Required action: With the pictures set aside, write out all of the data exactly as it stands.

Given data:
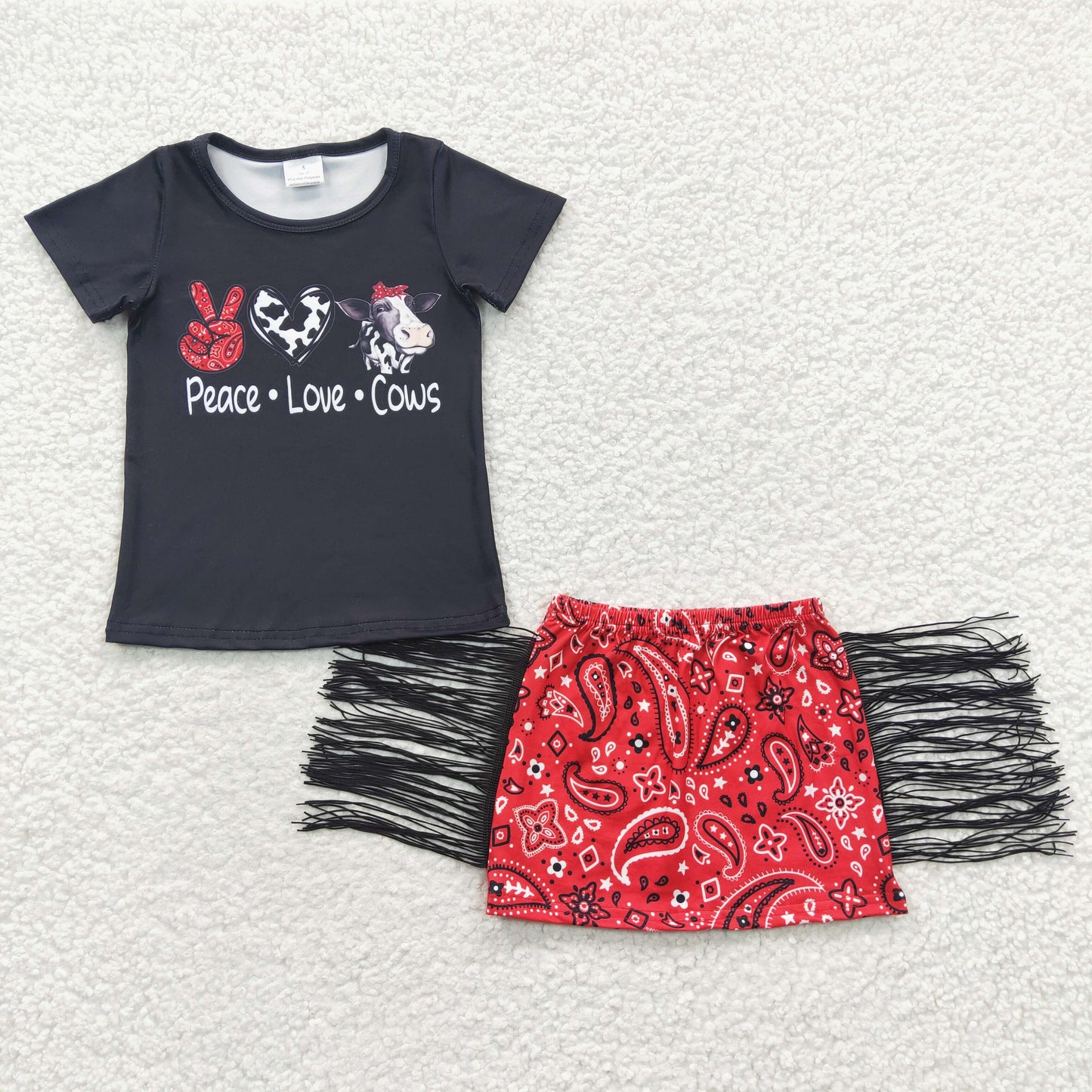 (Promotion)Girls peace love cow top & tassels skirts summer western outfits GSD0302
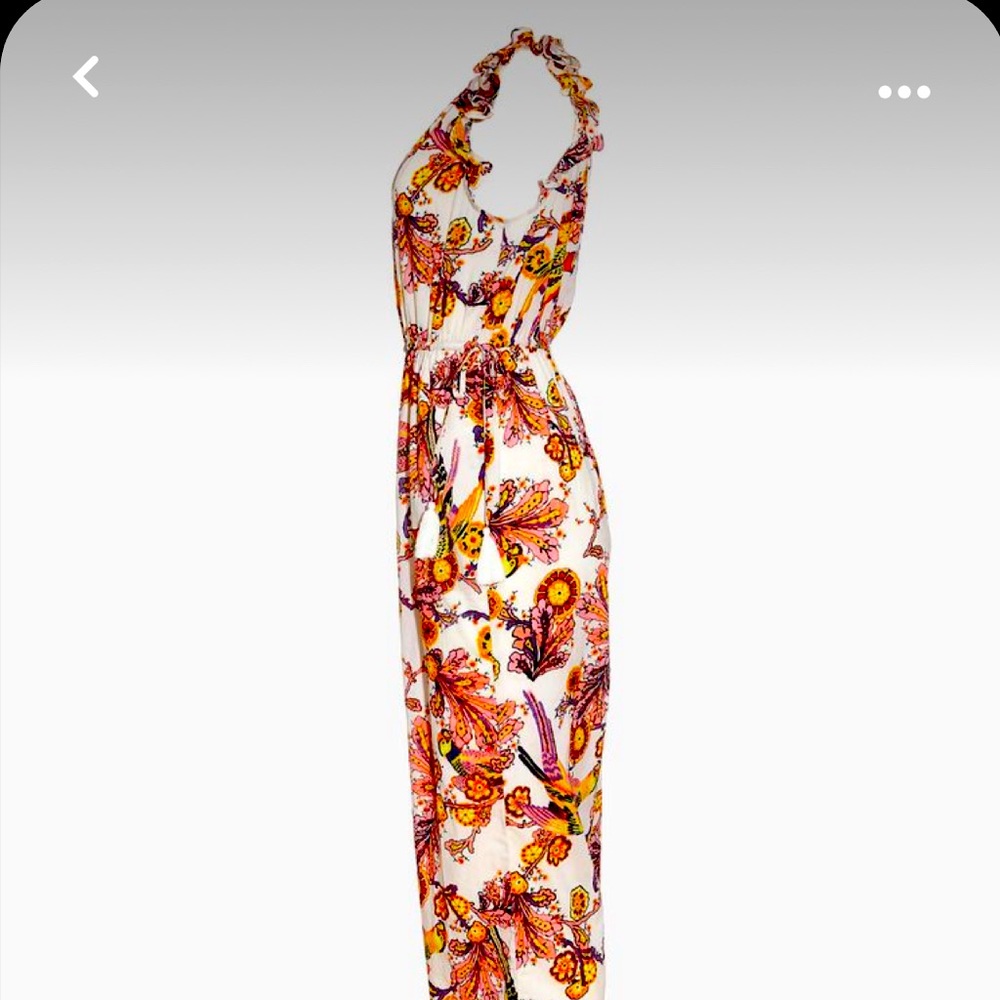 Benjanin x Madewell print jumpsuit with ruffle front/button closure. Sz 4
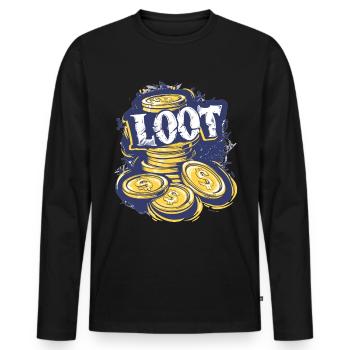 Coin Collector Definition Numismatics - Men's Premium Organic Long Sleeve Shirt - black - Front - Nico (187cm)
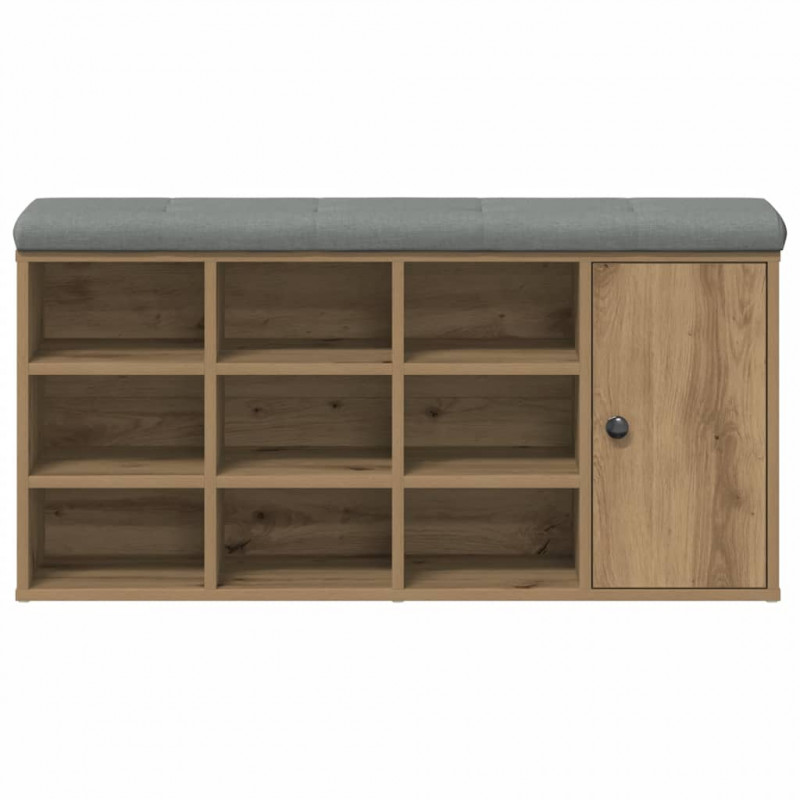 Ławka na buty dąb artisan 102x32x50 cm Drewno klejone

Response for this exercise:
 (Promotion)Girls peace love cow top & tassels skirts summer western outfits GSD0302
 Benjanin x Madewell print jumpsuit with ruffle front/button closure. Sz 4
 Coin Collector Definition Numismatics - Men's Premium Organic Long Sleeve Shirt - black - Front - Nico (187cm)
 Ławka na buty dąb artisan 102x32x50 cm Drewno klejone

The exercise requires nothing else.